■ **Work instructions**:
Strip the pictures and reproduce the rest of the listing exactly.

[Supplied information Boundary: Start]

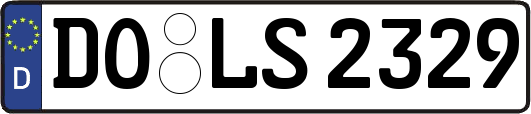 DO-LS2329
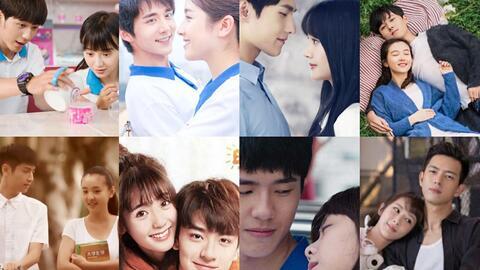 甜甜电视剧,甜蜜爱情与成长之旅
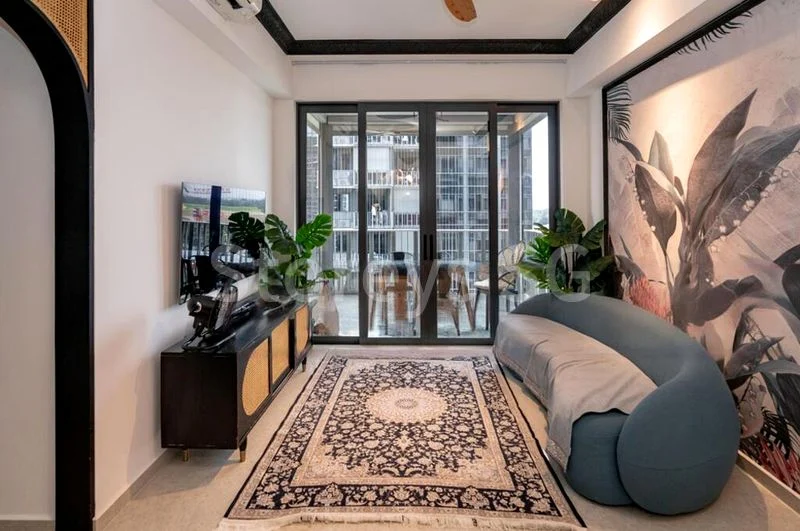 3 Bed Condo for Sale in  Parc Botannia - Image 2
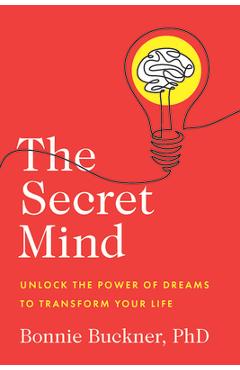 Poza produsului The Secret Mind - Bonnie Buckner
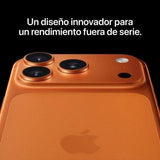 Apple iPhone 17 Pro Max 512GB Azul Oscuro - MFYU4QL/A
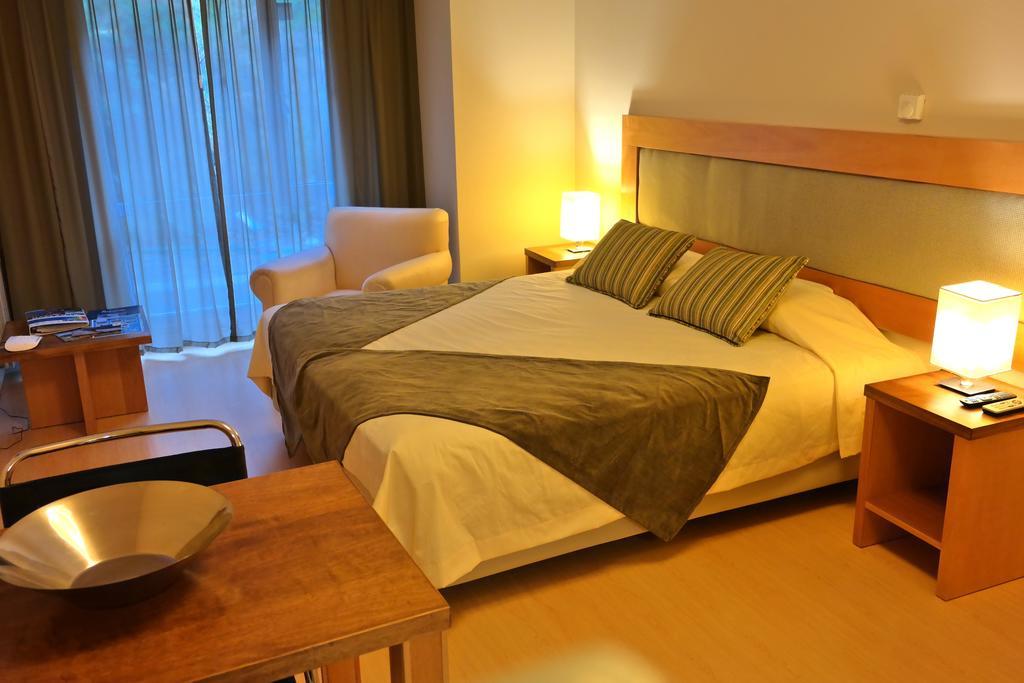 San Martin Suites Σαν Κάρλος ντε Μπαριλότσε Δωμάτιο φωτογραφία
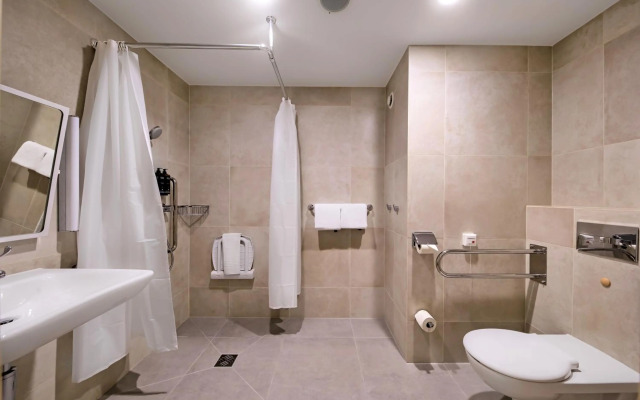 Mercure Gdansk Posejdon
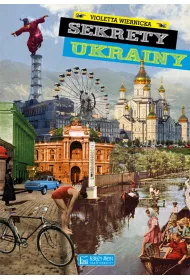 Sekrety Ukrainy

[Supplied information Boundary: End]

■ **Reply**:
 DO-LS2329
 甜甜电视剧,甜蜜爱情与成长之旅
 3 Bed Condo for Sale in  Parc Botannia - Image 2
 Poza produsului The Secret Mind - Bonnie Buckner
 Apple iPhone 17 Pro Max 512GB Azul Oscuro - MFYU4QL/A
 San Martin Suites Σαν Κάρλος ντε Μπαριλότσε Δωμάτιο φωτογραφία
 Mercure Gdansk Posejdon
 Sekrety Ukrainy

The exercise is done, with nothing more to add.